Even if their walking time is less than usual for you to do both, you should still do it. They don't go out together again until you have stopped it. - One thing that helps is running the dogs, not walking them. Dogs that are running don't have time to bark.
My Toy Poodle used to be scared to death of people's garbage cans sitting on the curb, and I tried everything to change that. She didn't have time to be afraid of them as we ran past them, and now she walks by them just fine. I run both of my dogs at the same time, on a leash coupler.
If the dogs that approach you are aggressive, SCREAM at them at the top of your lungs, and they'll usually back off. It works for me. If the owners allow the dogs to do this continually, do call the law and report a "stray". Don't mention anything about you knowing where the dog lives. - well i have a dog who barks at the window when anyone walks by, he is not vicious and he is very lovable but because he is a doberman he is massive. i just hold his mouth together by gently holding the nose and chin together and saying no, he doesnt do it that much now.
- Well you have to discipline the dog you have to teach him not to bark at other dogs and people.
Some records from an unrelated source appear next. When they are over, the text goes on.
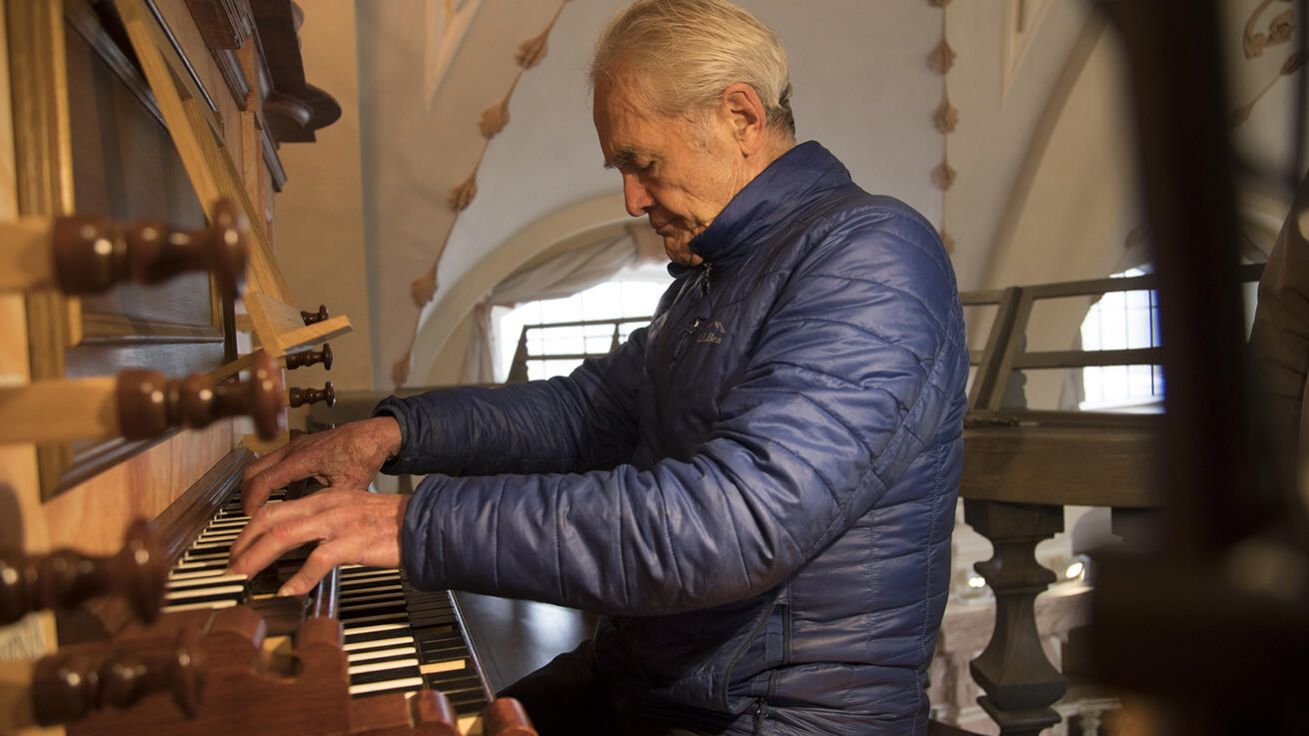 image:Image „Lidi v těžkých chvílích života, ve stresu, ale i v radosti často hledají kostel, Pána Boha. A varhany jim odpovídají širokým repertoárem,“ říká varhaník Karel Paukert.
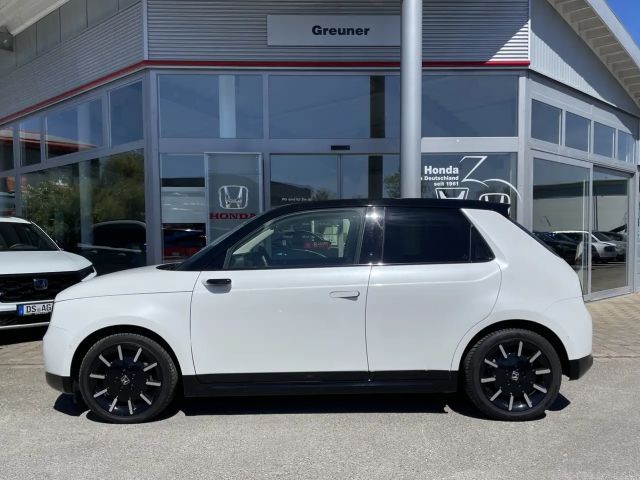Honda e
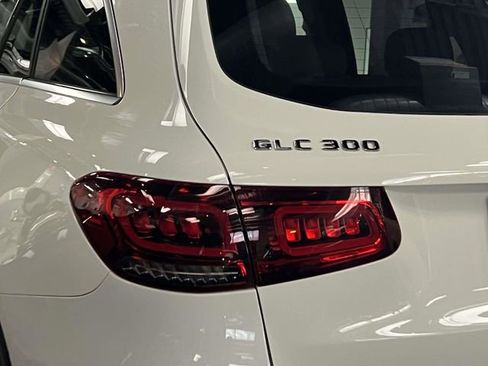 Certified 2022 Mercedes-Benz GLC 300 4MATIC image 9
You have to gently pull the dog back and scold him/her :)
- training, socialization and discipline
- Sounds like your dog are relying on each other and this bad behaviour is resulting..........one dog will be doing it and the other following suit..........so one dog at time, separate walks and work out which is the one who is leading this.....then you can work on curing it and with only one dog to deal with it will be quick to sort out.....watch for the body language, get the dog attention and while it is watching you and you are walking by without incident you can then praise for good behaviour rather than getting frustrated and embarrassed which will nt help you or the dog as it gives off weak anxious energy and the dogs will think this weakness could be fear which encourages more barking........NILIF is always good to use daily http://k9aro.webs.com/nilif.htm, look at behaviour on the website as well......a change in your behaviour will change your dogs behaviour...........good luck
- Here's a big help. If you have a friend or know some one with a dog(who is usually calm or well trained) as well, that's great. here's what you do. have have your friend walk with his/her dog past your dog(it is best to train your dogs one by one because if one of your dog starts barking, the other one will most likely to join in the barking). if your dog starts barking, turn him/her around or take him/her inside the house so they cant see the other dog. once your dog has calmed down, try again. once he/she stops barking at your friend and his/her dog, reward your dog with a treat. repeat to see your dog understands what to do at this situation. do the same for your other dog. if you think they are ready, try training them at the same time. then try it out with random people and see if it works. dont forget to reward them! HOPE THIS HELPS!